Patrick Wilson, who plays her onscreen husband in the horror franchise agrees, adding with a laugh: “You feel alive when you are close to death.”

Wilson and Farmiga play real life paranormal investigators Ed and Lorraine Warren in the acclaimed fright fests, created by Australian writer-director James Wan. The first two Conjuring films, based on supposedly true haunted house cases in the US and the UK, made more than $800 million at the box office and spawned an extended universe including a trilogy based on spooky doll Annabelle.

The pair have been menaced by witches’ curses and plagued by demons in their attempts to rid families of the sinister spirits that terrorise them, and Farmiga says there’s a good reason for the breaks between films. Her character is the one most in tune with the supernatural, meaning she’s often sent to investigate shadowy basements and face off with the malevolent entities.

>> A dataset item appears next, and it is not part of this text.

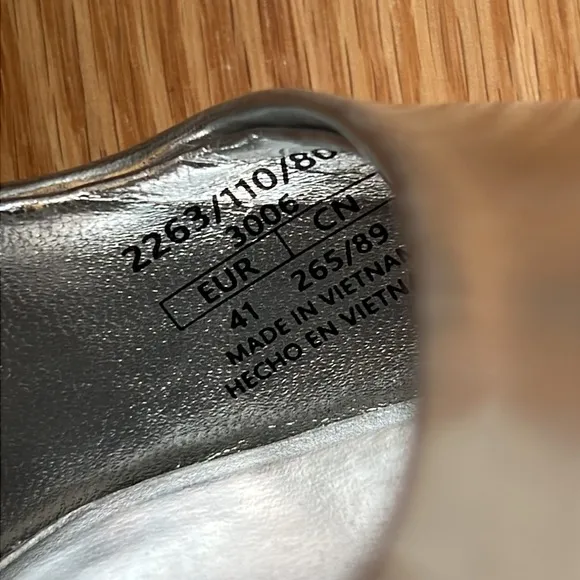 New! Zara SZ EU-41, Silver Women's kitten heel sling back shoes .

Vera Farmiga in a scene from The Conjuring: the Devil Made Me Do It.
Vera Farmiga in a scene from The Conjuring: the Devil Made Me Do It.

“We do need a few years rest,” she says. “It’s not easy. My brains get scrambled with the amount of screaming I have done in this franchise. I’m emoting – you have to dig deep to play some of these dark tunes. It can be exhausting and destabilising.”

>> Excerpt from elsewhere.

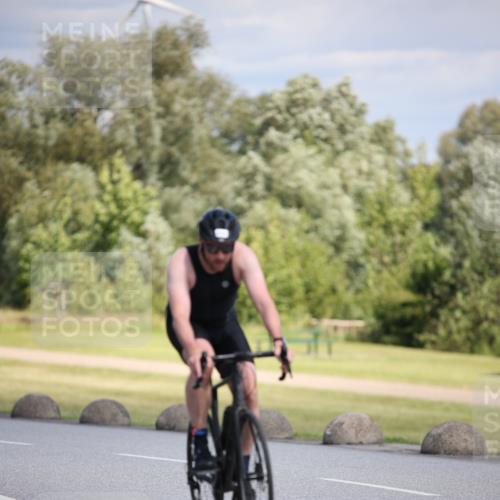 16.06.2024 - 26. Vierlanden-Triathlon Jannik Wohlers http://msf.ph/oto/6296198 16.06.2024 11:37:48 Radfahren 230, 257, 293, 406 meine-sportfotos.de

Dark and demonic as the subject matter may be – and each of the films to date has started with a blessing of the production – Wilson says he and Farmiga have a blast working together, and there’s never a dull moment or a sense of just going through the motions.

“In the pursuit of really stretching the genre and the franchise, no day is just showing up and sitting at a table talking,” Wilson says. “It’s always full-on – giving some crazy exorcism or jumping out of something or professing your love. It’s a lot and it’s full bore but that’s why we do it. It’s a real blessing and we are very fortunate.”

The third film, The Conjuring: The Devil Made Me Do It, moves the series outside of the haunted house setting for the first time and takes its inspiration from a real-life 1981 US murder case, in which lawyers – assisted by Ed and Lorraine Warren – attempted to argue in court that the defendant was not responsible for the crime because of demonic possession. In the actual case, the judge threw out the defence, ruling that it could never be proved and Arne Cheyenne Johnson served five years behind bars for first-degree manslaughter for the killing of his landlord.

The Conjuring: the Devil Made Me Do It is based on a real-life murder case where lawyers tried to use demonic possession as a defence.
The Conjuring: the Devil Made Me Do It is based on a real-life murder case where lawyers tried to use demonic possession as a defence.

True to the franchise formula of course, the film version is far more devilishly dramatic, with visions and curses galore, levitating bodies, reanimated corpses and, yes, another terrifying scene beneath a house (“I did complain about it because there are always these basements that show up,” says Farmiga with a laugh.) Wilson says that although the writers and actors were sensitive to the fact that they were making entertainment from a true tragedy, as in all The Conjuring films, the actual events that inspired them are just jumping off points.

“Yes, a man was murdered and I am a human being and I want to be conscious of the role that I am playing and the story I am telling but any decision to do the film is handled before we even get there so I really just try to sync into what Ed believed,” he says. “I have played good guys, I have played bad guys – but I don’t judge any of them. If I am going to sign up to play it then I am going to make that decision, and that’s what this man believes.”

He does, however believe that the film raises a valid point – that if people in courtrooms around the world are asked to swear on the Bible when giving testimony, why should that not also allow for the existence of the Devil?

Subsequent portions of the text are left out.